Task to complete
Your task is to retype, exactly and without pictures, the line holding "This elegant silver" and each line that follows it to the end of the entries.

─── Dataset excerpts ───

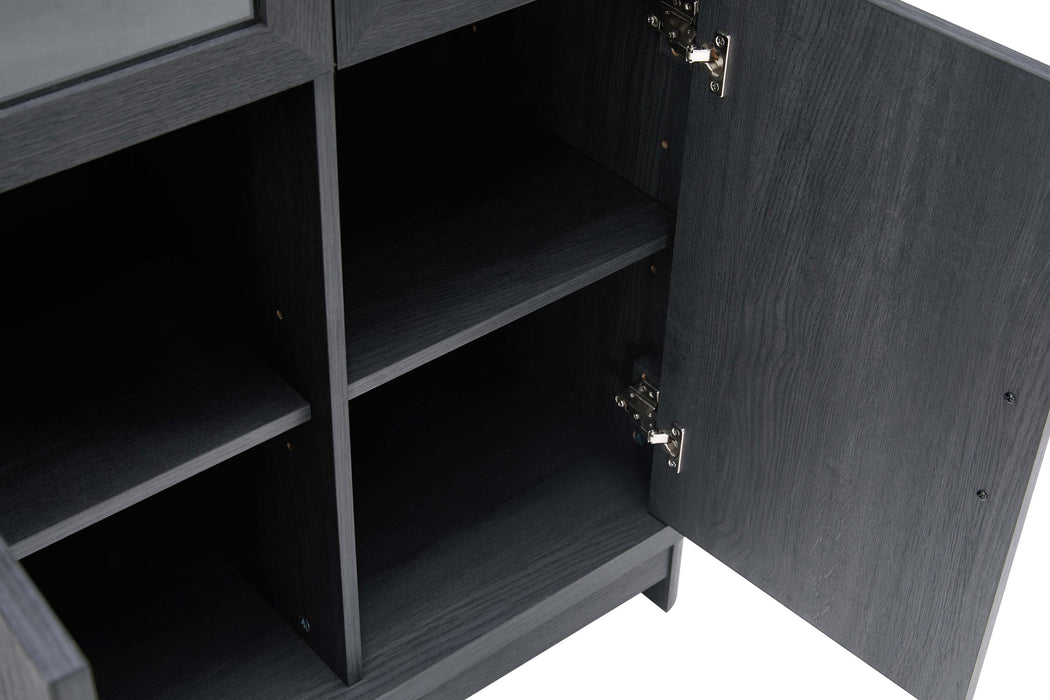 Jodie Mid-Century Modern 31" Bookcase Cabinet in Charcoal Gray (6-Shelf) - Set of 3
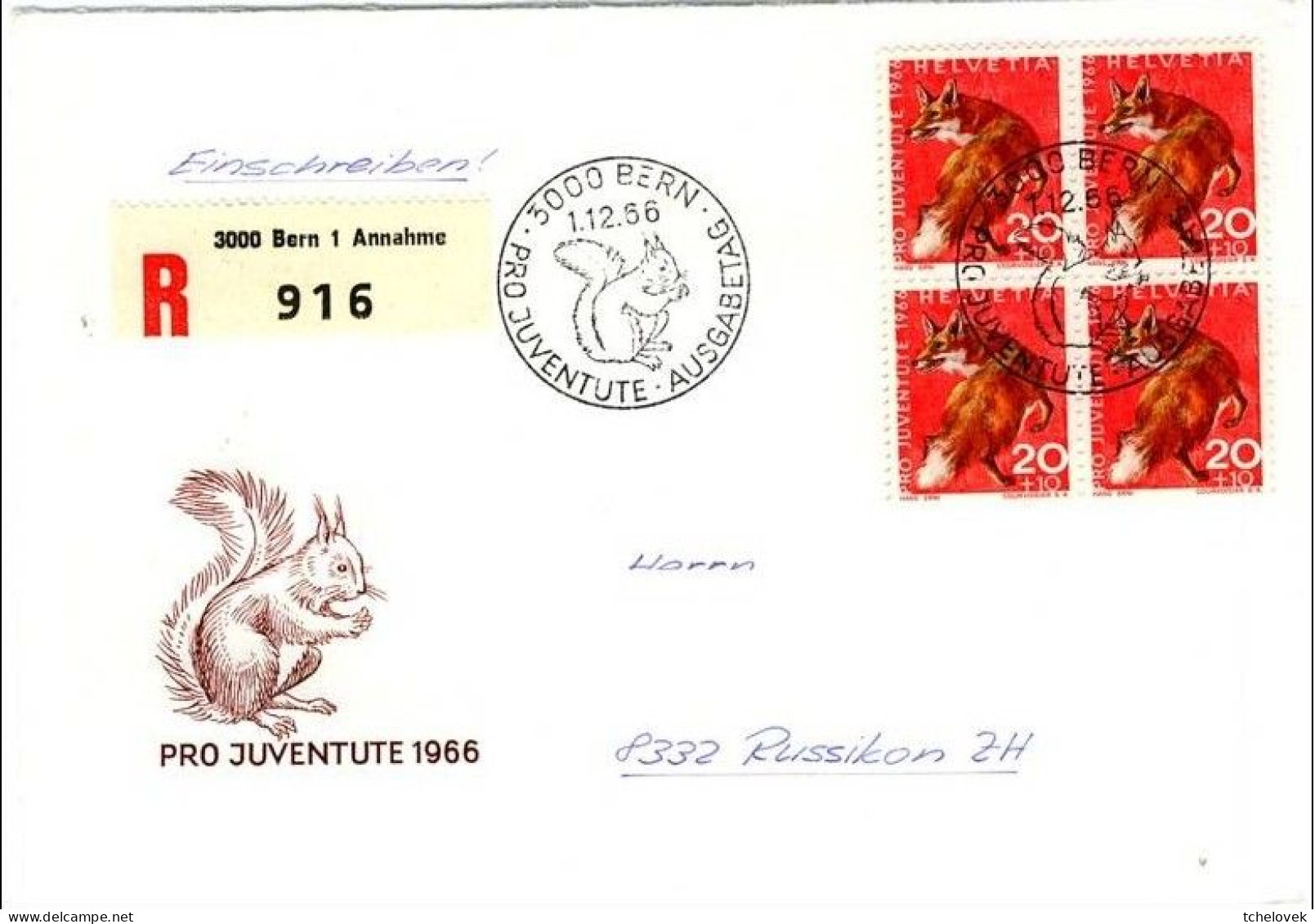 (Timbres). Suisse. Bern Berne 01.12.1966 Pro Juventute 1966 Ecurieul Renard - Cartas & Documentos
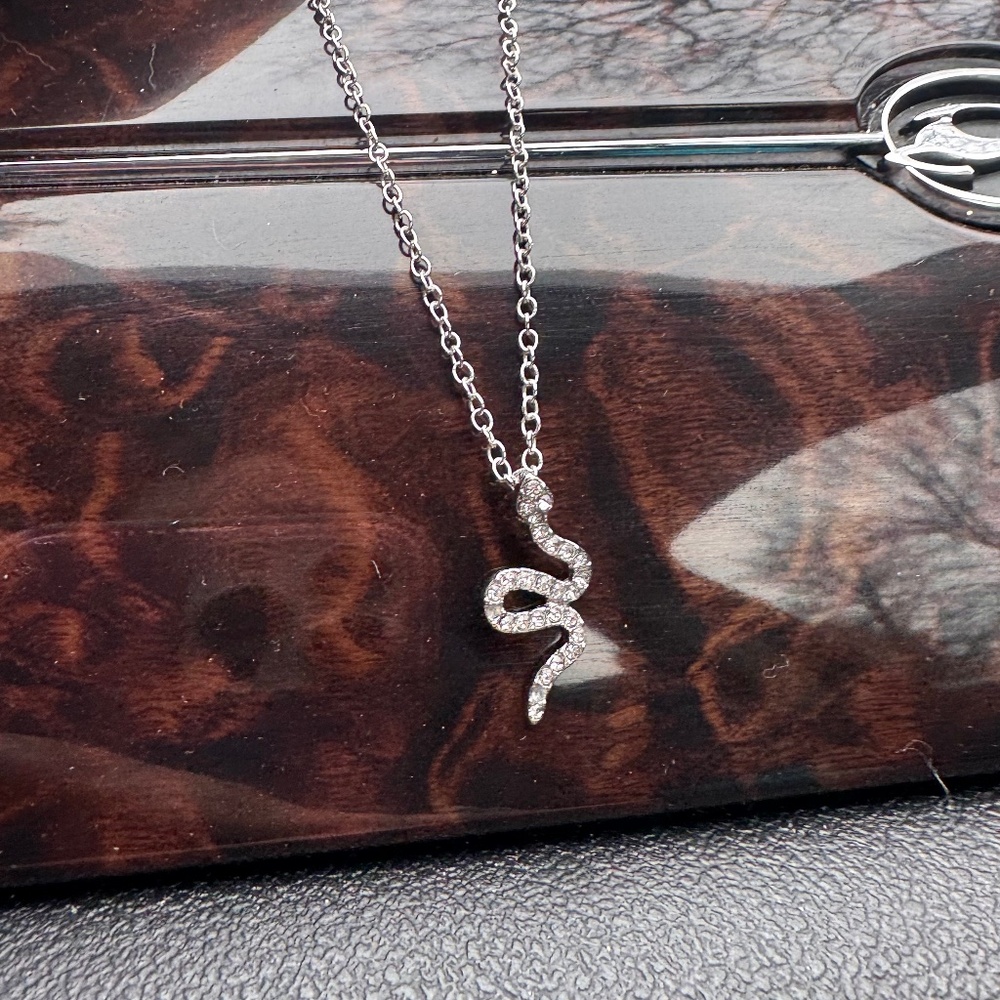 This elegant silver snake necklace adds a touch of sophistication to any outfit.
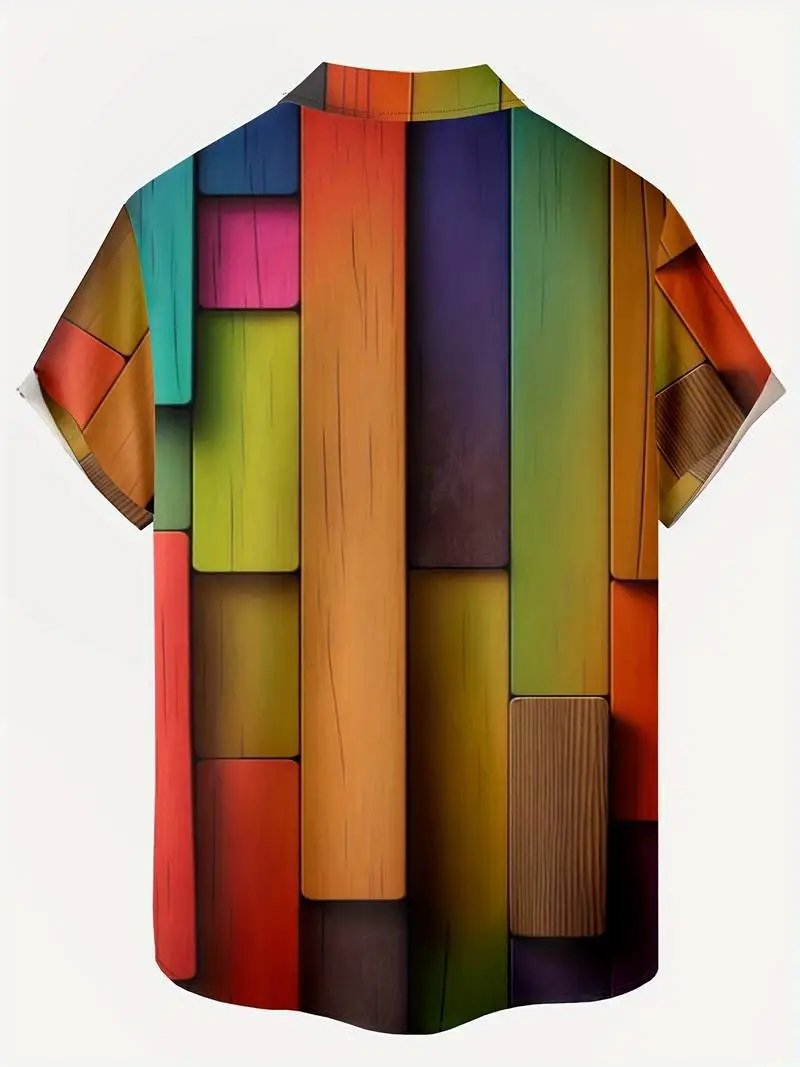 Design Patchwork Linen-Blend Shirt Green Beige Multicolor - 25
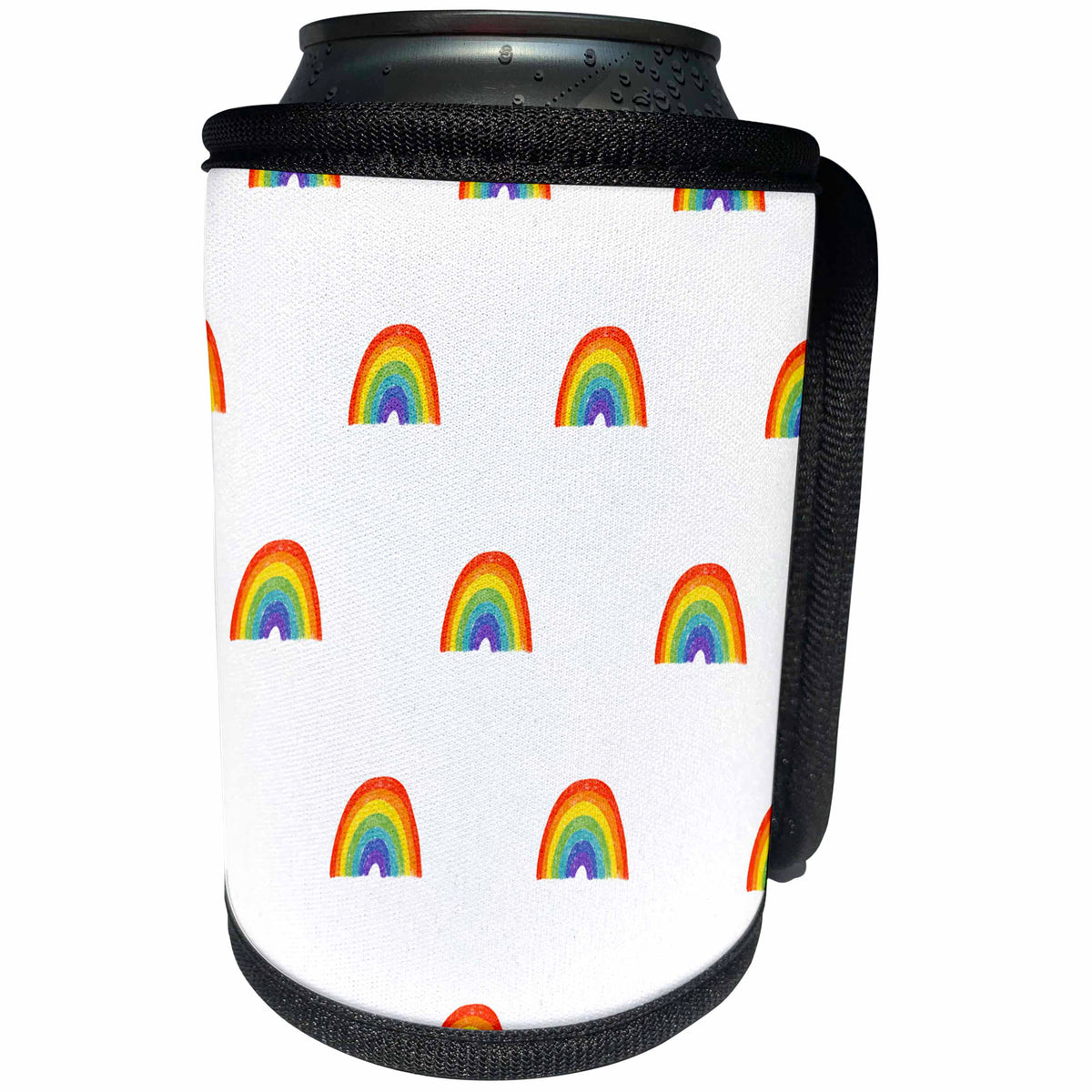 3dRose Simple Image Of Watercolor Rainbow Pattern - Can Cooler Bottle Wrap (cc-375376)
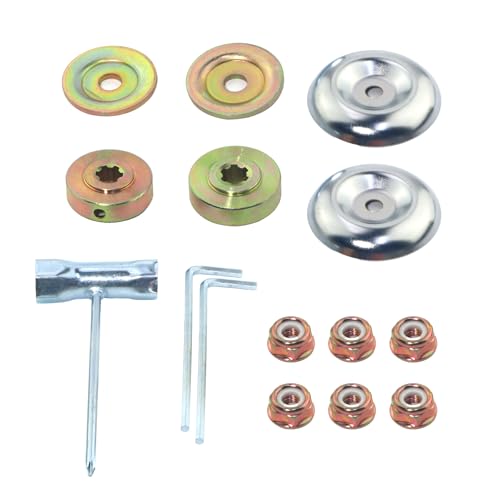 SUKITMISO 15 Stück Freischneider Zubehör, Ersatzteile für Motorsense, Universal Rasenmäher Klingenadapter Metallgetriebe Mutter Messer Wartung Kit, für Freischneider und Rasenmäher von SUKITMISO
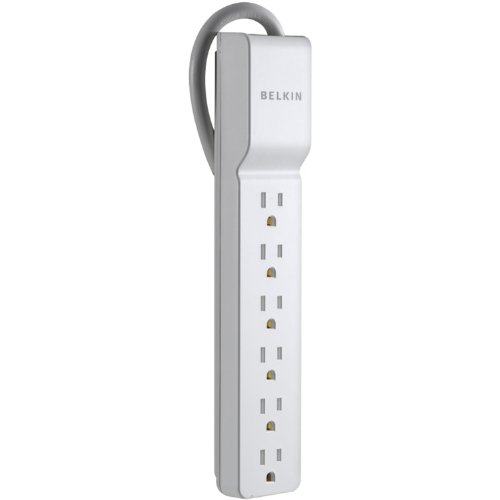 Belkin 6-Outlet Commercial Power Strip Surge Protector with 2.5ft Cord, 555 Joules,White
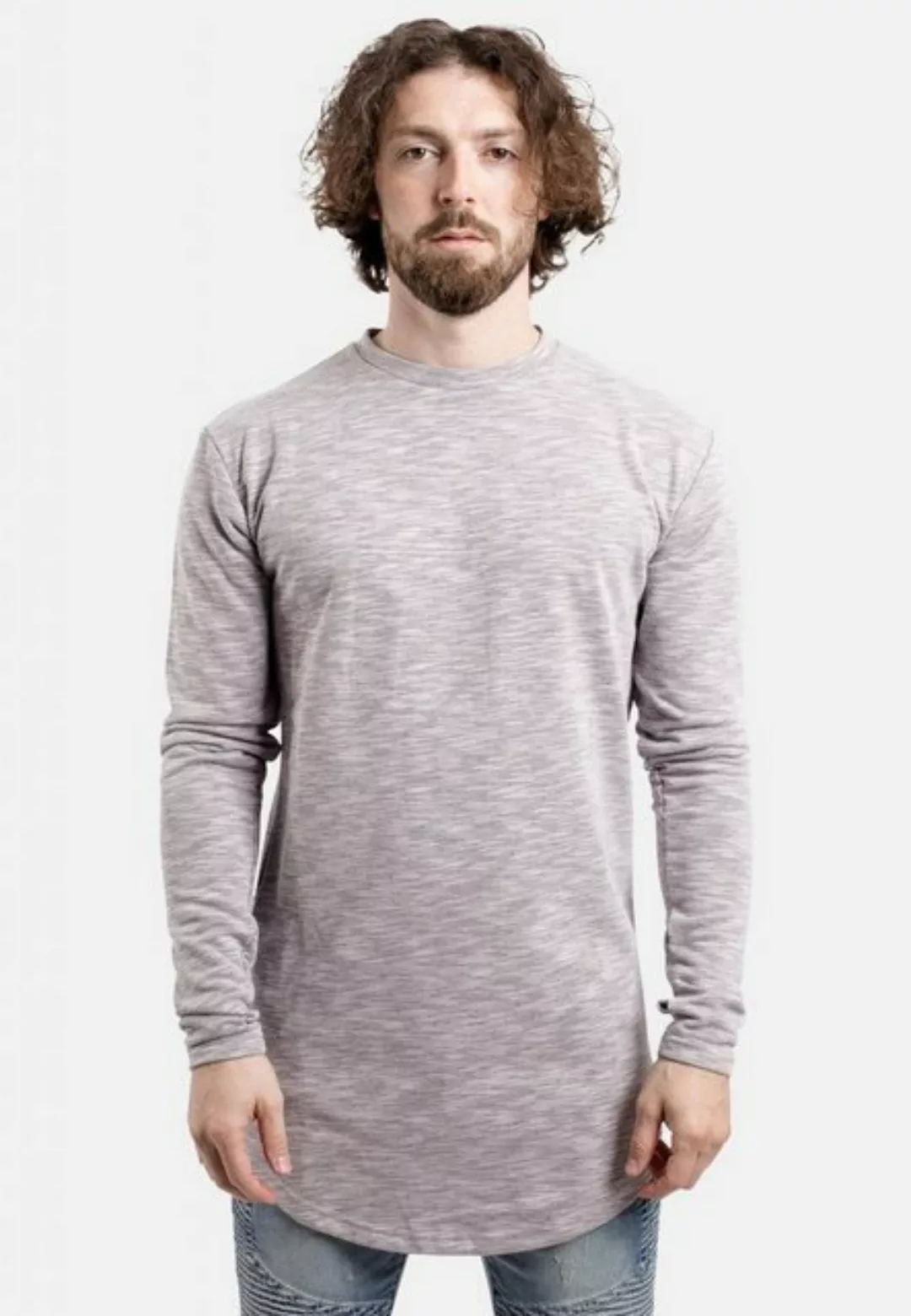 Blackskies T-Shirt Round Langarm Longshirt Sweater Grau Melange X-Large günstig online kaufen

───

Response to the exercise
 This elegant silver snake necklace adds a touch of sophistication to any outfit.
 Design Patchwork Linen-Blend Shirt Green Beige Multicolor - 25
 3dRose Simple Image Of Watercolor Rainbow Pattern - Can Cooler Bottle Wrap (cc-375376)
 SUKITMISO 15 Stück Freischneider Zubehör, Ersatzteile für Motorsense, Universal Rasenmäher Klingenadapter Metallgetriebe Mutter Messer Wartung Kit, für Freischneider und Rasenmäher von SUKITMISO
 Belkin 6-Outlet Commercial Power Strip Surge Protector with 2.5ft Cord, 555 Joules,White
 Blackskies T-Shirt Round Langarm Longshirt Sweater Grau Melange X-Large günstig online kaufen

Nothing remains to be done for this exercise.